Dataset extract:
== Segment start ==
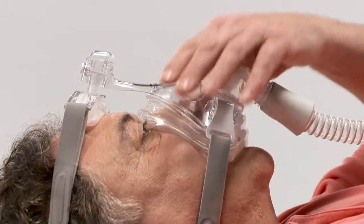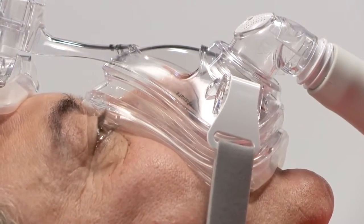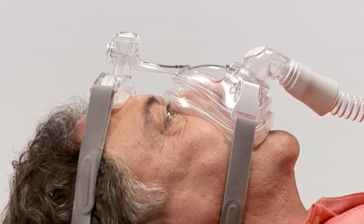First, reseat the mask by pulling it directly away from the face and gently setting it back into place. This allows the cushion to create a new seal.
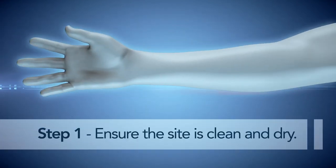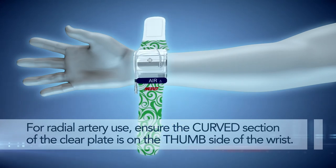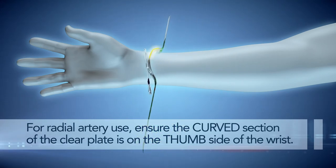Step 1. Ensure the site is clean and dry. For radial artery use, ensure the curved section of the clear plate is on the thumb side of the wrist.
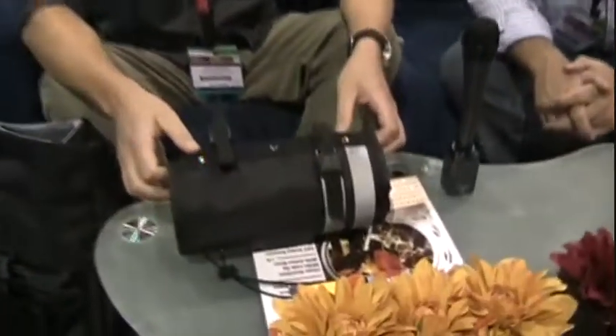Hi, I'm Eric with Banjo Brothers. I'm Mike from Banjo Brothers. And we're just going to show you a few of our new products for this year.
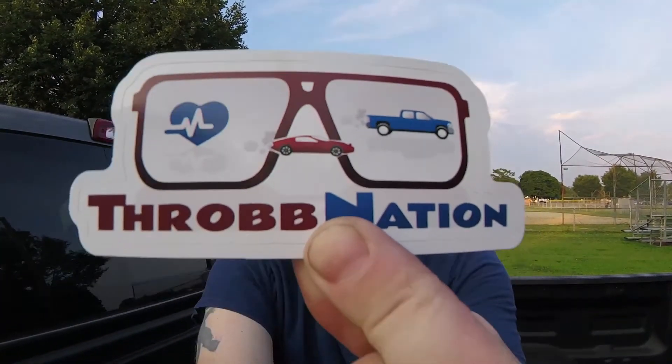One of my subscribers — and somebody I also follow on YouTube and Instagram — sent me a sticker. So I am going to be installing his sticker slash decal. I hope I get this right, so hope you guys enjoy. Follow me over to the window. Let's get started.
== Segment end ==
Work required:
In the data above, find the line with "Hi, I'm Eric" and repeat it and every line after it through the end, exactly; leave the pictures out.

Exercise result:
Hi, I'm Eric with Banjo Brothers. I'm Mike from Banjo Brothers. And we're just going to show you a few of our new products for this year.
One of my subscribers — and somebody I also follow on YouTube and Instagram — sent me a sticker. So I am going to be installing his sticker slash decal. I hope I get this right, so hope you guys enjoy. Follow me over to the window. Let's get started.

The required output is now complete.